По-видимому, не позднее 1687 года Киёнобу начал издавать гравюры с изображением актеров в ролях, делать театральные афиши, программы спектаклей и концертов. Около 1700 года художники Тории начали раскрашивать гравюры от руки охрой - краской тан (этот тип гравюры назывался танэ); иногда к охре добавляли более спокойные тона - оливковый и приглушенный желтый. Краской покрывали большие плоскости, что напоминало прием, характерный для раскраски праздничной одежды хакама. Цвет на этих гравюрах, как и на картинах оцуэ не передает действительного цвета предметов, не ограничен контуром; он ярок, бросок, стремителен, экспрессивен и необходим художнику лишь для того, чтобы передать праздничность и блеск театральных зрелищ. Актеры обычно изображены в вихре одежд, в сверкании тканей, в обрамлении театральных драпировок; они уподобляются отвлеченному орнаментальному знаку, олицетворяют порыв и стремительность.

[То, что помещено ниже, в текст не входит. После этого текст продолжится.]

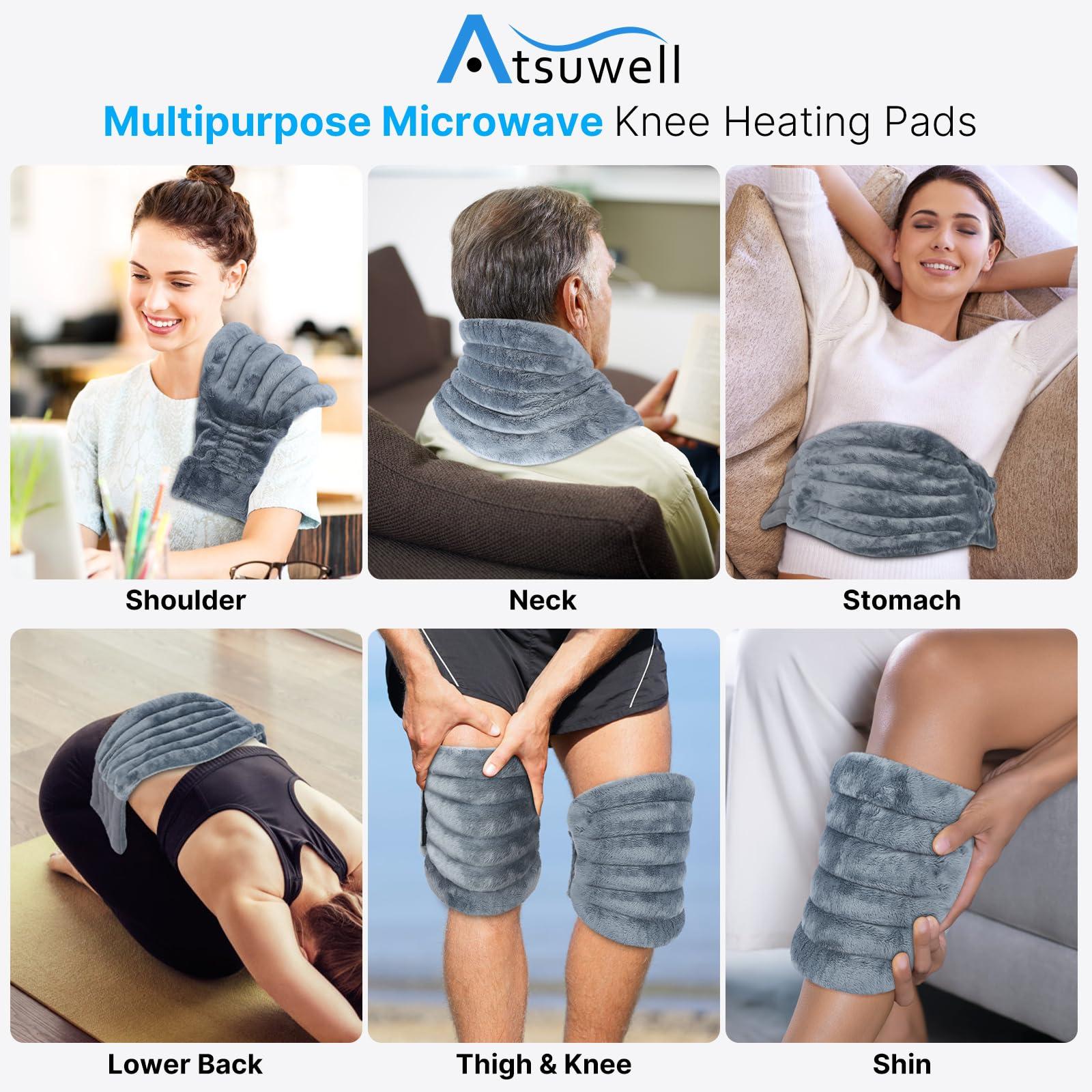 Atsuwell Atsuwell Microwave Heating Pad for Knee, Microwavable Heated Knee Wrap for Elbow, Cramps, Muscle, Joint, Knee Heating Pad Microwavable for Warm Compression, 2 Packs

Одновременно с театральным жанром Киёнобу I и его ученики (особой цветовой изысканностью и строгостью отличаются произведения Ханэгава Тинтё), работают также в жанре бидзинга, восходящем к искусству Моронобу. Они изображают красавиц, сдержанных и величавых. В их гравюрах сочетается активность контура с прихотливым орнаментом и тонким иероглифическим узором. Но особенно прославились в создании гравюр этого жанра художники семьи Кайгэцудо, работавшие в первые десятилетия 18 века. Их большие вертикальные свитки служили рекламой чайных домов или использовались как вывески у входа в помещение. В пышных праздничных одеждах, схваченных тяжелыми узлами нарядных поясов, женщины полны какой-то стихийной земной силы. Кажется, что они словно вырастают из земли, подчинены закону роста и потому их тела строятся не сочетанием объемов, но линией, в самом движении которой воплощено как бы произрастание, вытекание одних форм из других; в них есть нечто от незыблемости деревьев, стройности и стихийности растений. Изгиб тела женщин на гравюрах Кайгэцудо часто напоминает латинскую букву "S", но обращенную как бы в обратную сторону. Эту подвижную сложную линию, характерную также для европейского искусства 18 века, которую Хогарт считал основой всякой организованной формы, любили многие японские графики.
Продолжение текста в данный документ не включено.